▶ _Directions for this task_
Search the records for the string "pour". Copy each line where it occurs.

▶ _Data for the task_
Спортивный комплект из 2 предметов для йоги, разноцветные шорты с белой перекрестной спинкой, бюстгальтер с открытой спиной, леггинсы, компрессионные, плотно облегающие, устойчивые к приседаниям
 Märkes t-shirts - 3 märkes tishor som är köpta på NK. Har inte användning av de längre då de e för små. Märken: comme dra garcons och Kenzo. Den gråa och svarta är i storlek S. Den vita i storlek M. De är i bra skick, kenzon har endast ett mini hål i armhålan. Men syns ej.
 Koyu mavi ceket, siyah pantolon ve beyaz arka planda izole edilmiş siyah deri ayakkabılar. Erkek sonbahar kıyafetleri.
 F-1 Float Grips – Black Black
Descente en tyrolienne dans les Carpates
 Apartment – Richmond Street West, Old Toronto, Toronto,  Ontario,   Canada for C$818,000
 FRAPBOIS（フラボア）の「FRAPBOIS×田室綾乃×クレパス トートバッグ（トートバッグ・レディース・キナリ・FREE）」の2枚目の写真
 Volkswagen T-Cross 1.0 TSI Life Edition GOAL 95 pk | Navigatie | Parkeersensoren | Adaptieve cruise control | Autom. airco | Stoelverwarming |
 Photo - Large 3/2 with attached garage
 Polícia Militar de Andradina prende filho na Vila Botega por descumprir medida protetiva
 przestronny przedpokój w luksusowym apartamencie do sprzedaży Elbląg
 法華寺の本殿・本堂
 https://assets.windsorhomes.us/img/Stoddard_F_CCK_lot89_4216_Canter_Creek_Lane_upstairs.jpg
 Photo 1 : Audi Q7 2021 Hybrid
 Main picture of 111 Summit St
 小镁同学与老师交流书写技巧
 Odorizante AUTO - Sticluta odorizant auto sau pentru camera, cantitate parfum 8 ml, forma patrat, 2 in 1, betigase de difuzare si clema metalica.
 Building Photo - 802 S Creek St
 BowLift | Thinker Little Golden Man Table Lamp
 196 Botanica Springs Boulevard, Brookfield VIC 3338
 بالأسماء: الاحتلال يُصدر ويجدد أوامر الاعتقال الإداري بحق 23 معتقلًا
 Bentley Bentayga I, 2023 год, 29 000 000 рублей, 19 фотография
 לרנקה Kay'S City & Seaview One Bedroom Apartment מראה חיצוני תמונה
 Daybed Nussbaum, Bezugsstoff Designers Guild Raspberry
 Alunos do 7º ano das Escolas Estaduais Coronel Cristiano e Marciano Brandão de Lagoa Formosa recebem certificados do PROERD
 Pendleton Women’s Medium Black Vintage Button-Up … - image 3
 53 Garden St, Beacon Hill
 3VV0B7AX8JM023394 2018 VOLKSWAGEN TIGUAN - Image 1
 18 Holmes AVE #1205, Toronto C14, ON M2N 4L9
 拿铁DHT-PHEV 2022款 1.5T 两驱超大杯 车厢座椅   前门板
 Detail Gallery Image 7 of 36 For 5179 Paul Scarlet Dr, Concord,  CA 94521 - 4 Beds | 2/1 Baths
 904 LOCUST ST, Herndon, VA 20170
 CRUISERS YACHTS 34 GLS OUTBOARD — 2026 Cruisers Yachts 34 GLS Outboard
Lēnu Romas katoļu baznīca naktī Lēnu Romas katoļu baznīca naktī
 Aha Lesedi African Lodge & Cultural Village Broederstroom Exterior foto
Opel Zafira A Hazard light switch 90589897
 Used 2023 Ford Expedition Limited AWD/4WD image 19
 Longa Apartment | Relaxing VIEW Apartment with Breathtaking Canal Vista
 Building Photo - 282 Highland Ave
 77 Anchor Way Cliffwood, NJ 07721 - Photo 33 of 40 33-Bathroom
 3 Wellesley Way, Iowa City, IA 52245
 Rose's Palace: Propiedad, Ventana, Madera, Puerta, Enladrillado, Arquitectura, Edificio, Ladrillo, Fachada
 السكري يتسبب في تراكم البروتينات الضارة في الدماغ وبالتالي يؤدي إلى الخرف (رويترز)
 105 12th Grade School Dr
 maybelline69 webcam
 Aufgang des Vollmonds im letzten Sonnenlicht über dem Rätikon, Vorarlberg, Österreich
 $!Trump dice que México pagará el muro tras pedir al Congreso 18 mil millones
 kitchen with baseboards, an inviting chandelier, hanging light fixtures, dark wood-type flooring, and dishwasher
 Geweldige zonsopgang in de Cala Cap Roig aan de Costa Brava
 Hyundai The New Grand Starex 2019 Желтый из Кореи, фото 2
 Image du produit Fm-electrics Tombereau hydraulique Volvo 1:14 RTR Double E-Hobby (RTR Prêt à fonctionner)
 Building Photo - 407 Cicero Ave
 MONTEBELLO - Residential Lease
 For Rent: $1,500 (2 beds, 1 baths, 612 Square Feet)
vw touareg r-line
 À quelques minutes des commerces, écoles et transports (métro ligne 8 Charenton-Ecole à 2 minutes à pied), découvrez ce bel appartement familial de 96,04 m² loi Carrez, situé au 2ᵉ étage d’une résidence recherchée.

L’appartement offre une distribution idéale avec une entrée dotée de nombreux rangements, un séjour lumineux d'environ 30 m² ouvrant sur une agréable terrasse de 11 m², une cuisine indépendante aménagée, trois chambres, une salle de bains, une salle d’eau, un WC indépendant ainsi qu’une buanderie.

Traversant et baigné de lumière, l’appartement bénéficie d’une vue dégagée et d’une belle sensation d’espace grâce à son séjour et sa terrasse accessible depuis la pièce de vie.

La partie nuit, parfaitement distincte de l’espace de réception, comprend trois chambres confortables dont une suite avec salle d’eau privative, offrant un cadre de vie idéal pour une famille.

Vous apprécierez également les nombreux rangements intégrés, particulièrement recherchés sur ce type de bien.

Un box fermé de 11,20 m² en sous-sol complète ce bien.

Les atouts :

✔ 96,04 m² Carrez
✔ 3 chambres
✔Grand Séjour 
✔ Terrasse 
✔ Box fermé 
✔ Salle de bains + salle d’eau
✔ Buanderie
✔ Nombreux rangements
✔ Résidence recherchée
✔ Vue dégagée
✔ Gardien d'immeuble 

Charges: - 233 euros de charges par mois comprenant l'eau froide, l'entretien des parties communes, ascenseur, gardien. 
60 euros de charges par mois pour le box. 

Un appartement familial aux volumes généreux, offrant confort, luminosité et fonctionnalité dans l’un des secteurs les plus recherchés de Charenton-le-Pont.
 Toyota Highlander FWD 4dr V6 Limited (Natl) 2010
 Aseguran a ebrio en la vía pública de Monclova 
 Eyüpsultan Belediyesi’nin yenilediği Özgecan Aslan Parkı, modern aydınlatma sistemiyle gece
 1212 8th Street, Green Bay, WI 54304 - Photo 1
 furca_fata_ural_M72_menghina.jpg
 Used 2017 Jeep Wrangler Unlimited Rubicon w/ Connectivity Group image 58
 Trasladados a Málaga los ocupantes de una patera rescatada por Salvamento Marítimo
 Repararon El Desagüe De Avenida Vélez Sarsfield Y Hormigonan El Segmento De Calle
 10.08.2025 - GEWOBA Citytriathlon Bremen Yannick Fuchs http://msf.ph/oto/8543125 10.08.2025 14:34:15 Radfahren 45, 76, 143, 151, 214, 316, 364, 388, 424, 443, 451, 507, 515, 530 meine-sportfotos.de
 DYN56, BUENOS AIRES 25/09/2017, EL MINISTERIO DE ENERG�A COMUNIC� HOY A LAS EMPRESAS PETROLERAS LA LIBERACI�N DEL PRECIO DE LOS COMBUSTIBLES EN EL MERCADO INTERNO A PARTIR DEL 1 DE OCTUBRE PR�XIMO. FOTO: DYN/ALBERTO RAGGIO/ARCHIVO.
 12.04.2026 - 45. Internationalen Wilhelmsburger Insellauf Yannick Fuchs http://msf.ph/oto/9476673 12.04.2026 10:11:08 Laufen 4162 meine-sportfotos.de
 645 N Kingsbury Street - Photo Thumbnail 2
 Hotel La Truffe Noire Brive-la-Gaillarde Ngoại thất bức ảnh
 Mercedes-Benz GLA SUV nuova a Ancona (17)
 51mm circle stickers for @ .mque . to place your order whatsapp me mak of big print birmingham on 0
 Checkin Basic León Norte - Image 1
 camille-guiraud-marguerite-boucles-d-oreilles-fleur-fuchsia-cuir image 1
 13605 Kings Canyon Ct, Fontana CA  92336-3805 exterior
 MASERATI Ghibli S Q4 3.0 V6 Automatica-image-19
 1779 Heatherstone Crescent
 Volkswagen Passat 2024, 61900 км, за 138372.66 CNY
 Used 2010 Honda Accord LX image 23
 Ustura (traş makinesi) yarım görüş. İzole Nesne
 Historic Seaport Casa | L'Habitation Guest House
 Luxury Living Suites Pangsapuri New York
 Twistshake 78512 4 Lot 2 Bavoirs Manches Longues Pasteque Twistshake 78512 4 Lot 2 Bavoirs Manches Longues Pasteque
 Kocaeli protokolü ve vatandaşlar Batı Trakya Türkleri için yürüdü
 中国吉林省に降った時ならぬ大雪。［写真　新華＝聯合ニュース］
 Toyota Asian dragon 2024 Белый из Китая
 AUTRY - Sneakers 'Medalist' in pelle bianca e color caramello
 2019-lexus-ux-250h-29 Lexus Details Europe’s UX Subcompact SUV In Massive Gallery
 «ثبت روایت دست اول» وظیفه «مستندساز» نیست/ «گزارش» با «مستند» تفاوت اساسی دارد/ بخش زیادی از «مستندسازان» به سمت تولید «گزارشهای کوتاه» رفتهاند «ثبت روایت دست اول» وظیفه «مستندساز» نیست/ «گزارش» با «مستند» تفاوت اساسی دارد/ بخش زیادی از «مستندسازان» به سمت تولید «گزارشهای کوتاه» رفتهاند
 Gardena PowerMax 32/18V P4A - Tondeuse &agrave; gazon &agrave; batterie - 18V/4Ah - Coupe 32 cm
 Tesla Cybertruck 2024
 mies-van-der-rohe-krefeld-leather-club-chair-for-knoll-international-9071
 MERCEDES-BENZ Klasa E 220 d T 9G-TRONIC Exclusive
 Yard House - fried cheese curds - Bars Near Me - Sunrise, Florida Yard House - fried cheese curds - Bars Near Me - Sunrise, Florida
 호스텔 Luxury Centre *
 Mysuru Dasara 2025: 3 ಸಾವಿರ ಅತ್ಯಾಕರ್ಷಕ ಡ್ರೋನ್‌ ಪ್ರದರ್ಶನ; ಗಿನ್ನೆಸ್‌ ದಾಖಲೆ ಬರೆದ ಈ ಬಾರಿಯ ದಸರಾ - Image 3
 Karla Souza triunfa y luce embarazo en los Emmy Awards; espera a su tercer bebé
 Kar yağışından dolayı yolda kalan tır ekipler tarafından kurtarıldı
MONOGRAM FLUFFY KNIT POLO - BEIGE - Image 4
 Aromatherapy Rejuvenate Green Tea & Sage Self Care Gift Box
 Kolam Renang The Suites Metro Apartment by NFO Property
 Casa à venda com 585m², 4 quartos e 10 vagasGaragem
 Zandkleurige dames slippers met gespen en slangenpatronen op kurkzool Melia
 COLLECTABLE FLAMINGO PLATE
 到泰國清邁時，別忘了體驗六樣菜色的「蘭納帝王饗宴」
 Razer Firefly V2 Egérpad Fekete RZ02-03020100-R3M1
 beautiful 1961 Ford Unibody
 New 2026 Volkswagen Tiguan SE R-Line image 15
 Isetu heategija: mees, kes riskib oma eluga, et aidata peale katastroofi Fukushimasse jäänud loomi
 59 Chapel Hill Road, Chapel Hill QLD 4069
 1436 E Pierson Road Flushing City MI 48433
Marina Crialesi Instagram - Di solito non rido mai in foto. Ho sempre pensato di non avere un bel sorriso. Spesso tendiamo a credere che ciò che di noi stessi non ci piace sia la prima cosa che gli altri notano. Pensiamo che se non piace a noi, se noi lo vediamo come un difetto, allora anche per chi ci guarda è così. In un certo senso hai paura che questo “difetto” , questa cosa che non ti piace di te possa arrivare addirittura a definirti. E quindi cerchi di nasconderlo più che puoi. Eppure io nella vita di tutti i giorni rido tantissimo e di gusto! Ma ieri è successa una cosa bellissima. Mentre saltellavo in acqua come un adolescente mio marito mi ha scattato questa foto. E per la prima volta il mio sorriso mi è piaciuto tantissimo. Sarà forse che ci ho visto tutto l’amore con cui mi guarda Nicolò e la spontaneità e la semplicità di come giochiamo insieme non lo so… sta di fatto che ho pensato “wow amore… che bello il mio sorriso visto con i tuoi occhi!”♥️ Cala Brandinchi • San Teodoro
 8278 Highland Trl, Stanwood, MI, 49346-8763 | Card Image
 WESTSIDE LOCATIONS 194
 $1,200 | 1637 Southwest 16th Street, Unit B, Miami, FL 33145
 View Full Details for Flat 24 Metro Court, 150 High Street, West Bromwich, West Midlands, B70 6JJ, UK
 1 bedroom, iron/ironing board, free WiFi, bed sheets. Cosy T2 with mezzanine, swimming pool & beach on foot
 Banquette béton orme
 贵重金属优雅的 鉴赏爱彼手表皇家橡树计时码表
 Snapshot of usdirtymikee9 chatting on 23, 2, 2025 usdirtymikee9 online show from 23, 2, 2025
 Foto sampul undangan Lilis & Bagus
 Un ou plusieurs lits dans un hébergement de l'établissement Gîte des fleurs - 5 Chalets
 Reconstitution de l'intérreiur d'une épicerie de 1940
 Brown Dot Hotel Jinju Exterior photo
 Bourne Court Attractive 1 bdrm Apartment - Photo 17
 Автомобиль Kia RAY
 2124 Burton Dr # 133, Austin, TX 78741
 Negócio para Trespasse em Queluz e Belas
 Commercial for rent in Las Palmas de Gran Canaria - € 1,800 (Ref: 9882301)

▶ _Result for this task_
La partie nuit, parfaitement distincte de l’espace de réception, comprend trois chambres confortables dont une suite avec salle d’eau privative, offrant un cadre de vie idéal pour une famille.
60 euros de charges par mois pour le box. 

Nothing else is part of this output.